Rita Rat with higher prospects: would never have lifted a finger to help anyone without thinking about what was in it for her. Could clearly be seen on her face. Rita’s sullen silence, a mute rage in the air, tangible like an approaching thunderstorm. A trembling point of power, collected energy. Certainly fascinating but it had not interested Susette any further, she was preoccupied with her own problems. Some pangs of conscience for having quit her job at the private nursing home for the elderly and infirm where she had a full-time position. “They will be so sad, the old sick men and women, they are so attached to you,” the manager’s farewell words echoing in her ears and a certain disappointment, which she had had her hands full trying to hide. The ice cream stand, was this it? The J.L. kerchief and Rita Rat grumbling beside her: is this what she had longed for in the quiet hospital corridors where she had stood in front of the window and looked out over the square on warm spring days, scoops of ice cream on cones, sweet tastes, wild strawberries, pears, and chocolate?
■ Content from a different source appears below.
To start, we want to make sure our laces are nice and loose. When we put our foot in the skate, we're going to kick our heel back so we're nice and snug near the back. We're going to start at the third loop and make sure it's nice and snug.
Had not really made heads or tails of those thoughts either, so what she had done at the ice cream stand with Rita Rat was what she had already been good at, at the time: making it look like she was sleeping. But she was not sleeping, was as alert as could be, conscious of everything going on around her. A peculiarity she in other words still has, and Solveig in the company car can sometimes get annoyed about it. Some mornings in the car for example when they are heading into the city by the sea and need to get an early start and Solveig picks her up at the first bus stop by the main country road outside the town center, where Susette has walked all the way from her apartment in the complex on the hills on the north side; how she then sits there and dozes next to Solveig who is driving and playing the radio or one of her old cassette tapes. As they approach the city, how Solveig turns the volume up to an insufferable level in order to wake the bear who is sleeping , as she says. But completely unnecessary, which is proved by Susette who, several hours later in the middle of the working day, suddenly just starts rambling loudly about the high water level from the weather forecast or singing some song, and the girl she moves in the dance with red, golden ribbons , which Solveig was playing in the car that morning.
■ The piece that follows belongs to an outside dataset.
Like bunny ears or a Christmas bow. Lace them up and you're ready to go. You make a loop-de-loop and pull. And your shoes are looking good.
But in the car Susette is startled by an unpleasant surprise, the sound buzzing through the front of the car, she straightens her back, says grouchily, “Thanks for saving my life Sister Blue. I am so damned grateful.”

“And with these words I give you Susette Packlén,” Solveig says in turn and then you are supposed to remember what no one remembers, what “these words” were, that is to say what Jeanette Lindström had said when she and Susette got into an argument while catering and Jeanette pushed her employee up to Solveig in the middle of her wedding.

But joking aside. Sister Blue, Sister Red—or Rita Rat, no more about her. I was Sister Blue . Except one thing. Susette can certainly understand exactly what it is like to be the shapeless one of two who are so alike on the outside.